### What you are asked to do
Below are several records. Retype exactly those lines running from the one with "#CodeyFromTheBlock https://t.co/tiDssiGHbg" through the one with "online show from February 11, 3:21 am", end lines included, and no others.

### Stored records
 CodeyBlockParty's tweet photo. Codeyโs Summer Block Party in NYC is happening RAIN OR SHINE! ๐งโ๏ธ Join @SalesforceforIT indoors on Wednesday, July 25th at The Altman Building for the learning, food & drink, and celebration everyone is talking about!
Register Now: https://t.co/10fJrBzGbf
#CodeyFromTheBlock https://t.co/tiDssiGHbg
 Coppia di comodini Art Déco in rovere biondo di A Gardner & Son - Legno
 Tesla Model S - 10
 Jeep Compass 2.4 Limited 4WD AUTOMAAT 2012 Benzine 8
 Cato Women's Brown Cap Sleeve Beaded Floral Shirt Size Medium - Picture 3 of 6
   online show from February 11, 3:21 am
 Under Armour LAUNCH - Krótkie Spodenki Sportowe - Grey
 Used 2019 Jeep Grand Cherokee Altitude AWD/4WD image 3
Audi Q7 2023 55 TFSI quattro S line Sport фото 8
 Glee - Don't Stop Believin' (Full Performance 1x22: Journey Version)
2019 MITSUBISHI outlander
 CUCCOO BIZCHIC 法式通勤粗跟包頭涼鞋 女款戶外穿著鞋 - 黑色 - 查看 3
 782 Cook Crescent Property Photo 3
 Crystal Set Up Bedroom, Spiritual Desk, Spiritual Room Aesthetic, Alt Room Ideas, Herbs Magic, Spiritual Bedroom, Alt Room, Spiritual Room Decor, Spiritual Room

### Reply to the task
#CodeyFromTheBlock https://t.co/tiDssiGHbg
 Coppia di comodini Art Déco in rovere biondo di A Gardner & Son - Legno
 Tesla Model S - 10
 Jeep Compass 2.4 Limited 4WD AUTOMAAT 2012 Benzine 8
 Cato Women's Brown Cap Sleeve Beaded Floral Shirt Size Medium - Picture 3 of 6
   online show from February 11, 3:21 am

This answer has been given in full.